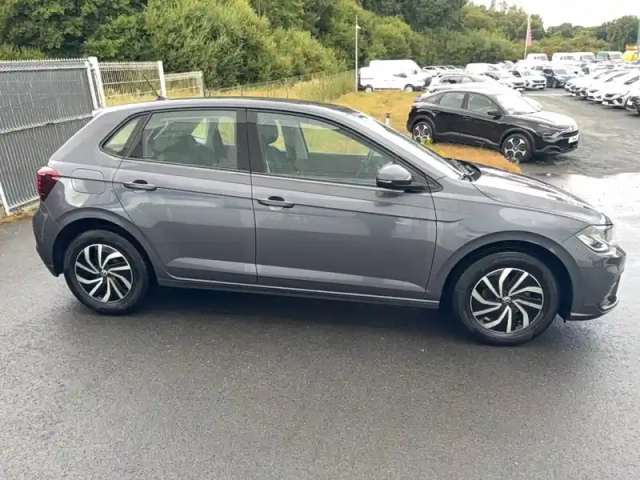Volkswagen Polo 1.0 tsi 95 s&amp;s dsg7 — photo 13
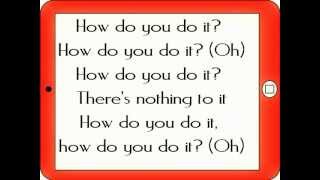 Moves Like Magic -Adam Trent lyrics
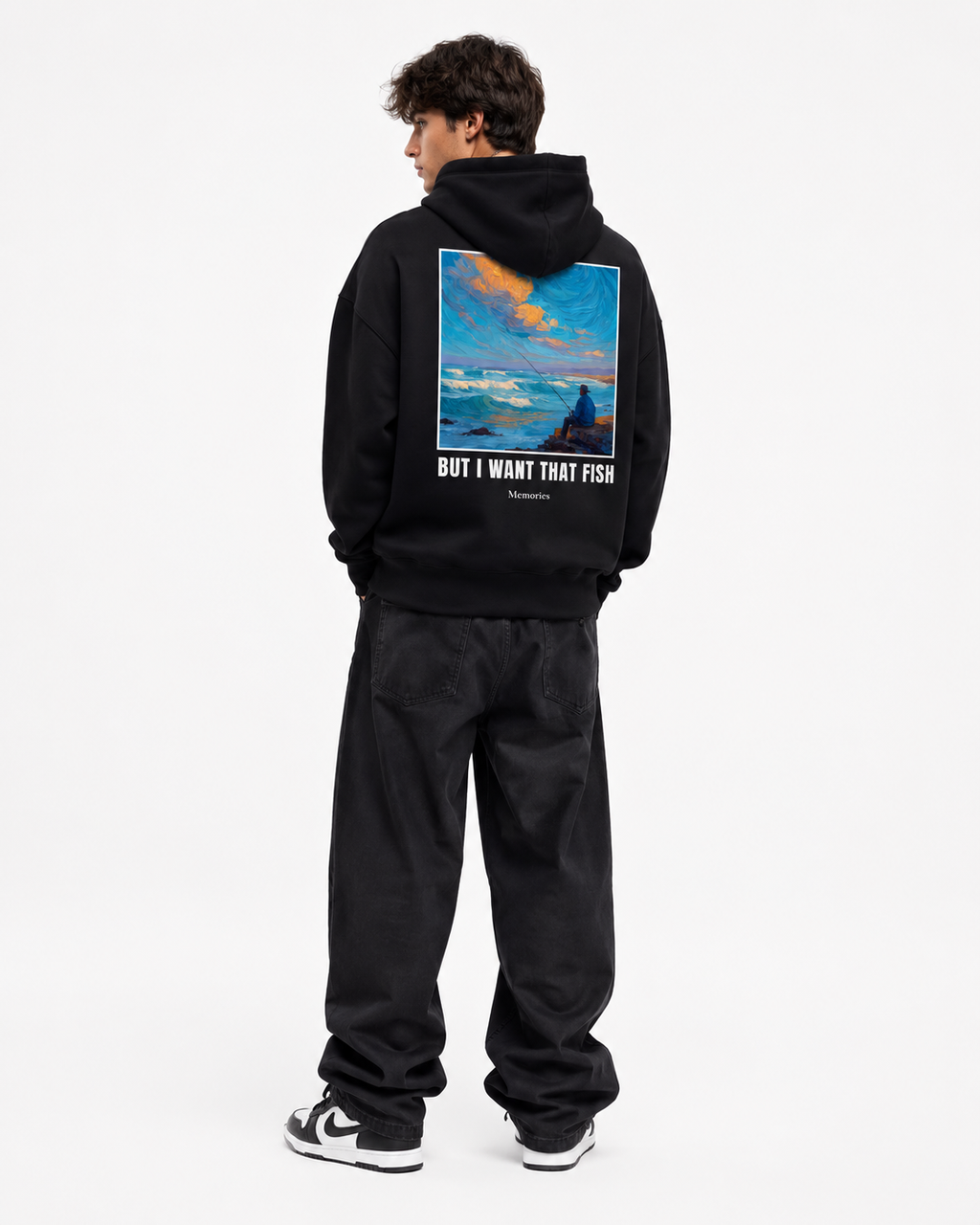 That Fish Hoodie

◆ ◆ ◆ ◆ ◆

**About this task**
In full and without change, repeat the material above, minus the pictures.

**Task solution**
Volkswagen Polo 1.0 tsi 95 s&amp;s dsg7 — photo 13
 Moves Like Magic -Adam Trent lyrics
 That Fish Hoodie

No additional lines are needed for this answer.